## Prompt
For the records below, print the lines from the line with "Commercial Industrial Two" through the line with "2EDGWB-5.08-2P3P4P5P6P7P8P10P,Wall terminal, pluggable" exactly as written; include both end lines and exclude the rest.

BEGIN Data for analysis

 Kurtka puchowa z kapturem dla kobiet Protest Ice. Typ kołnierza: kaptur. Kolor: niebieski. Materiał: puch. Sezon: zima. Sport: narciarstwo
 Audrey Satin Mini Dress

END Data for analysis
BEGIN Data for analysis

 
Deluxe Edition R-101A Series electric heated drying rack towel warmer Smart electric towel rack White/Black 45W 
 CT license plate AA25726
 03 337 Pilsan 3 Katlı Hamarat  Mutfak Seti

END Data for analysis
BEGIN Data for analysis

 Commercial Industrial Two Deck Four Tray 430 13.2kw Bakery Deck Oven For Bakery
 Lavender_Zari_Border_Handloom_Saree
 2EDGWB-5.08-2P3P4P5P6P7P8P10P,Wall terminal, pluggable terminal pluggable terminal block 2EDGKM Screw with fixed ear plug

END Data for analysis

## Reply to the task
 Commercial Industrial Two Deck Four Tray 430 13.2kw Bakery Deck Oven For Bakery
 Lavender_Zari_Border_Handloom_Saree
 2EDGWB-5.08-2P3P4P5P6P7P8P10P,Wall terminal, pluggable terminal pluggable terminal block 2EDGKM Screw with fixed ear plug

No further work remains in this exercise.